Selon Jean-François Lisée, au contraire, « il y a une mécanique automatique lorsqu'une plainte est déposée dans un corps de police contre un membre de l'Assemblée. Automatiquement, le bureau du premier ministre ou du chef de parti concerné est avisé ».

Il y a quelques jours, le premier ministre Couillard a établi une règle différente. La police prévient le gouvernement quand le niveau de sécurité d'un ministre est touché, sans divulguer la raison. « C'est ainsi qu'on a eu une lumière jaune dans le cas de Pierre Paradis », explique-t-on à son cabinet. M. Paradis avait fait l'objet d'une enquête formelle, après le « signalement » fait par la présumée victime à la police, mais aussi au cabinet du premier ministre. Avec cette interprétation, toutefois, le gouvernement ne serait jamais avisé d'une enquête sur un simple député qui, ne faisant pas partie du Conseil des ministres, n'influe pas sur la gestion du gouvernement.

LES ALLÉGATIONS DE FRANCOEUR

Les communications entre un gouvernement et la police sont au centre du débat lancé la semaine dernière par le président du syndicat des policiers montréalais, Yves Francoeur. Ce dernier a soutenu que l'enquête sur deux élus libéraux, prête à déboucher sur des accusations, avait été bloquée au bureau du Directeur des poursuites criminelles et pénales (DPCP). M. Francoeur parlait d'écoute électronique et de filature pour ces deux élus ; or, on n'en a pas trouvé de trace à la SQ. Au DPCP, la directrice Annick Murphy a souligné dans un premier temps que son organisme n'avait jamais eu un tel dossier en main. Cette semaine, elle a demandé le déclenchement d'une enquête criminelle pour tirer au clair les allégations de M. Francoeur.

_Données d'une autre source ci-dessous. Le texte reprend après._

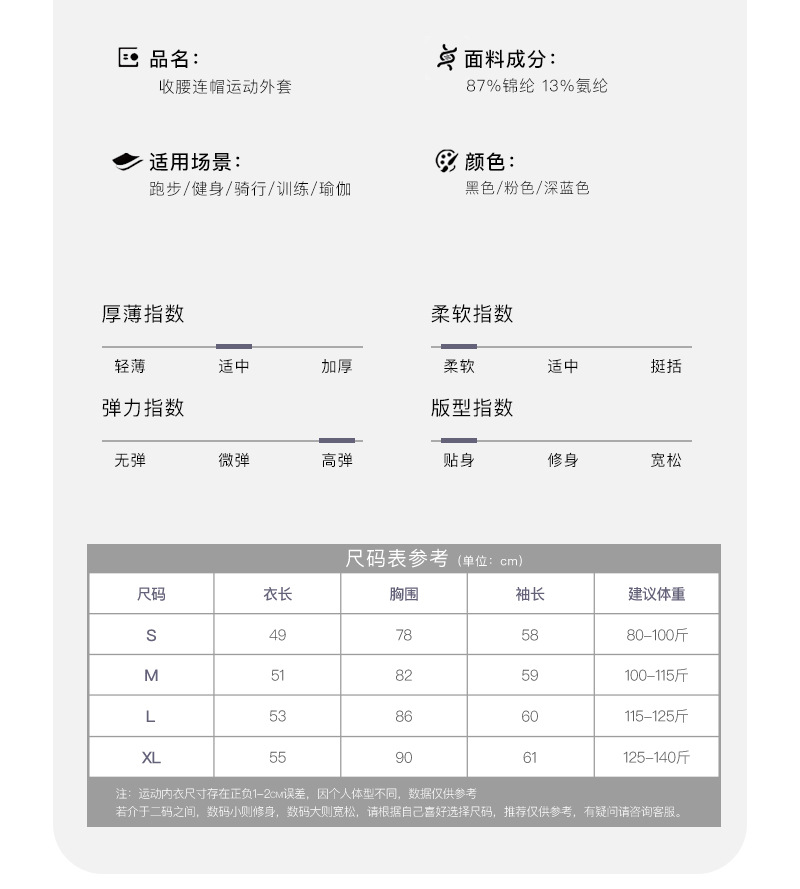 2022 New Autumn and Winter Running Quick-Drying Slim Fit Yoga Workout Top Women's Long Sleeve Hooded Zip Cardigan Workout Clothes 2022 New Autumn and Winter Running Quick-Drying Slim Fit Yoga Workout Top Women's Long Sleeve Hooded Zip Cardigan Workout Clothes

C'est avec cette série de controverses que témoigneront toute la journée aujourd'hui le commissaire de l'Unité permanente anticorruption (UPAC), Robert Lafrenière, et le directeur général de la SQ, Martin Prud'homme, dans le cadre de l'étude des crédits de la Sécurité publique. À l'UPAC, on a fait savoir que M. Lafrenière ne ferait pas de point de presse avant ou après son témoignage.

DES SPECTATEURS INUSITÉS

La commission parlementaire aura des spectateurs inusités. Lino Zambito, Luigi Coretti et Ken Peireira, trois acteurs déterminants dans les années de controverse autour de l'éthique du gouvernement Charest, comptent se rendre au Parlement pour assister à la commission.

Dans son ouvrage Le témoin, M. Zambito affirme que le patron de l'UPAC, M. Lafrenière, s'entretient régulièrement avec le chef de cabinet du premier ministre Couillard, Jean-Louis Dufresne.

« Je ne vais pas parler beaucoup, je suis là pour écouter », a prévenu hier M. Coretti, joint par La Presse. L'ancien patron de la firme de sécurité BCIA avait soutenu « corroborer » le mois dernier les dires de Lino Zambito, qui avait allégué que 400 000 $ provenant de firmes de professionnels avaient été transportés dans la limousine du premier ministre Charest. Les déclarations de M. Zambito, à la radio, n'ont pas eu de suites.